MP  Where did this desire to give back to the community come from?

SM  When I moved away from Atlantic Canada, I always felt a longing—there was a part of my brain that was being pulled back to that place. Stephen Fearing from Blackie and the Rodeo Kings, one of my favourite singer-songwriters, wrote a song about leaving Canada and going to Ireland when he was a kid, and his longing to go back. The quote was, “Like a tongue to a broken tooth.” The metaphor was that it was always there and you’re always finding yourself drawn back to that place. So because I was always drawn back to this place in my mind, no matter where I was, I was always nurturing the feeling of being in that place.

MP  Is this idea of being drawn back to Atlantic Canada present in your initiatives?

SM  Yes, absolutely. One of our initiatives, a sub-business, is Ome Sweet Ome, which is essentially the accommodations piece to the overall project. I like the concept of ome because ome is exactly what we’re trying to do, we’re trying to bring people home. And you know, that’s how Newfoundlanders say it. They say, “How long you ome for?” H’s become A’s and A’s become H’s in Newfoundland. 

MP  How does the initiative work as a whole?

SM  Well what we’ve done is create a social enterprise in the community with the goal of building tourism infrastructure, places to stay and eat, and giving people things to do. The money generated from each of these sub-businesses feeds back into a central not-for-profit, and then that money gets floated out to the community. We’re trying to wean the community off the dependence of government funding for things like renovating an ice rick or building hiking trails—fundamental things that the community needs. We’re in the early stages but it’s fascinating to me. There’s this amazing potential. It’s like a social experiment in some ways. Can we keep rural alive through social enterprise? 

MP  Then there’s The Gathering Burlington festival. Can you tell me about that?

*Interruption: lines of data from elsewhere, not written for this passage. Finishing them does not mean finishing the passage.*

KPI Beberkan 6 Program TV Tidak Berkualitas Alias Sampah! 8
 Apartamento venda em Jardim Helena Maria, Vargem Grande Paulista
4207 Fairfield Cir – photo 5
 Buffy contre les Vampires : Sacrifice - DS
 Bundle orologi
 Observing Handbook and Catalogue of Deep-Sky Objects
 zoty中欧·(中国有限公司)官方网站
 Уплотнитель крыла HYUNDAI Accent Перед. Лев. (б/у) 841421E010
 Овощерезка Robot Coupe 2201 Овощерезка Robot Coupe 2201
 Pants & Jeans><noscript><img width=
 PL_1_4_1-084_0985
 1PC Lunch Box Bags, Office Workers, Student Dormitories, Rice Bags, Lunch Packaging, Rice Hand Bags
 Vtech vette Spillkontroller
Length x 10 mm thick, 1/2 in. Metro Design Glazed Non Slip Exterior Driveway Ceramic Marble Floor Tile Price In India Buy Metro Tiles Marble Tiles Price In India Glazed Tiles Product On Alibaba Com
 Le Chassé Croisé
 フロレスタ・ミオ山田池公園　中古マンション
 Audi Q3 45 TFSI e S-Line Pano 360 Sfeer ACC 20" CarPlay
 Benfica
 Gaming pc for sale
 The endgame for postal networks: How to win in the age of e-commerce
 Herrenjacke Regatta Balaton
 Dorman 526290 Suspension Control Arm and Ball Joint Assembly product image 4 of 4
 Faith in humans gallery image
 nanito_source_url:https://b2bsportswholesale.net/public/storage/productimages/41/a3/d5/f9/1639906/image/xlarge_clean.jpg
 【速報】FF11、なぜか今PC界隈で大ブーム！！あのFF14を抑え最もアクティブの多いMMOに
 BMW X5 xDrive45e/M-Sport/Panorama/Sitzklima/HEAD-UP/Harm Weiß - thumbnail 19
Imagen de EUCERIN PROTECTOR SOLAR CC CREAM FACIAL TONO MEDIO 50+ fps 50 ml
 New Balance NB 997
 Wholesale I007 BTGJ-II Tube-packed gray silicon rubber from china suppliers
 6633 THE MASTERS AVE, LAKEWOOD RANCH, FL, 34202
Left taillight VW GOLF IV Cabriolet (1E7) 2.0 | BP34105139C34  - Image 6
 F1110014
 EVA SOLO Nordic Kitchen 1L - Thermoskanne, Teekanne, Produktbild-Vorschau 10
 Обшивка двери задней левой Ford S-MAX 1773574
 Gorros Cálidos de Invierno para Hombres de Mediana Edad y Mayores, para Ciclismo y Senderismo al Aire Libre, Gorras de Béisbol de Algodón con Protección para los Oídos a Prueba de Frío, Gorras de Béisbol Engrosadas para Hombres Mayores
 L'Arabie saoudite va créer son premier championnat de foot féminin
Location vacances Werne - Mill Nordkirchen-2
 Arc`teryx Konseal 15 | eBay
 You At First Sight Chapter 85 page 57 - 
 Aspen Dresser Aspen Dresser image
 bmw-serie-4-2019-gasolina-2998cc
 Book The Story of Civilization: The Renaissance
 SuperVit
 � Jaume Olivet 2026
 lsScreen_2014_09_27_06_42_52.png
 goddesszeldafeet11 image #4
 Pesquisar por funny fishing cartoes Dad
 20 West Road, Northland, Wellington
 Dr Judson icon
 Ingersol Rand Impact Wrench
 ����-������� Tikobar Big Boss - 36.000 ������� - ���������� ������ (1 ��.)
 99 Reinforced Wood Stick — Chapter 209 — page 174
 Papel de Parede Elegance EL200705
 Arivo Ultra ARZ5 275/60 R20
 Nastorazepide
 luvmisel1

SM  The Gathering Burlington is the festival that is the lightning rod for people to come to Newfoundland and celebrate what Burlington and the region are. The area is really one of the most beautiful spots in Atlantic Canada. It’s where all the icebergs flow down from May to July. We’ve got such amazing wildlife, mountains, and waterfalls—there’s just so much here and we want people to come experience it.

MP  What is it about Newfoundland and this region that’s so special?

SM  There’s a kind of authenticity in the region that permeates the people, the culture and the physical beauty. That’s why our goal has never been to force our vision on the region, but to celebrate what’s already there. We want to enhance and elevate the region, so we’re trying to create these experiences that already exist. It’s about being outside in the elements, experiencing local ingredients, local fare, and meeting local people.